The CLI calls this first. It takes a client_id and scope and issues the two codes.

@router.post("/device/authorize", response_model=DeviceAuthorizationResponse)
async def device_authorize(
    client_id: str = Form(...),
    scope: str = Form("openid profile email"),
    session: AsyncSession = Depends(get_session),
):
    # Is this client allowed to use the device_code grant?
    client = await OAuthClientRepository(session).get_by_client_id(client_id)
    if not client or not client.is_active:
        return JSONResponse(status_code=400,
            content={"error": "invalid_client", "error_description": "Unknown client"})

    allowed_grants = (client.grant_types or "").split()
    if _DEVICE_GRANT_TYPE not in allowed_grants:
        return JSONResponse(status_code=400,
            content={"error": "unauthorized_client",
                     "error_description": "Client not authorized for device_code grant"})

    store = get_device_code_store()
    result = await store.create(client_id=client_id, scope=scope)
    frontend_url = settings.FRONTEND_URL.rstrip("/")

    return DeviceAuthorizationResponse(
        device_code=result["device_code"],
        user_code=result["user_code"],
        verification_uri=f"{frontend_url}/device",
        expires_in=result["expires_in"],  # 900s
        interval=result["interval"],       # 5s poll interval
    )

_DEVICE_GRANT_TYPE is the RFC's canonical string urn:ietf:params:oauth:grant-type:device_code. If the client's grant_types doesn't include it, reject.
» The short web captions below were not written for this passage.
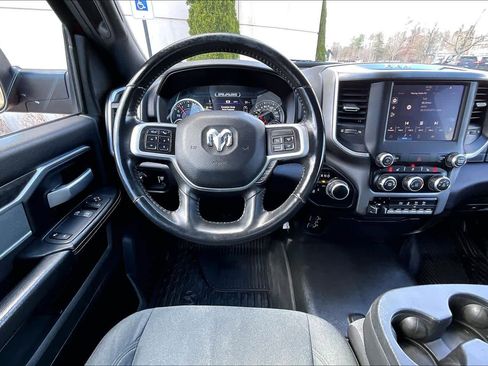 Used 2022 RAM 2500 Big Horn w/ Level A Equipment Group image 6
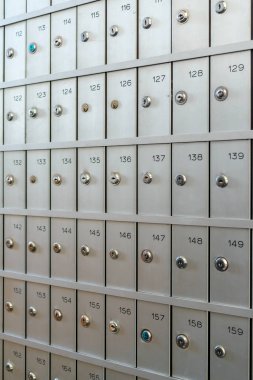 kutuları kişisel değerli eşyalarınızı saklamak için bir sürü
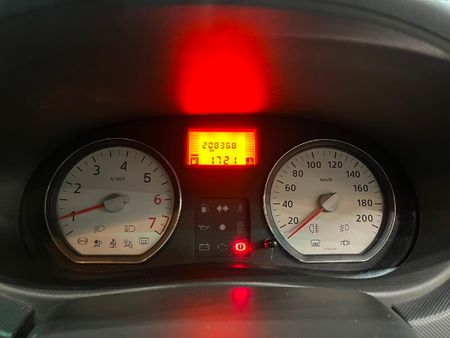 2021-Nissan-NP200-16-AC-Safety-Pack_10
Not everyone gets device flow — only clients that explicitly opt in.

Returning interval (5s) and expires_in (900s) matters: per RFC, the server dictates the poll interval and expiry and tells the client. Don't let the client hardcode them.

Making the two codes

device_code and user_code play different roles, so build them differently.

# device_code: a secret the machine holds. Just needs to be unguessable.
device_code = secrets.token_urlsafe(32)

# user_code: typed by a human. Readability comes first.
_USER_CODE_CHARS = "ABCDEFGHJKMNPQRSTUVWXYZ23456789"  # drop confusable 0/O/1/I/L

def _generate_user_code() -> str:
    left = "".join(secrets.choice(_USER_CODE_CHARS) for _ in range(4))
    right = "".join(secrets.choice(_USER_CODE_CHARS) for _ in range(4))
    return f"{left}-{right}"  # ABCD-EFGH

device_code gets token_urlsafe(32) — if it leaks, someone can grab the token, so entropy wins here.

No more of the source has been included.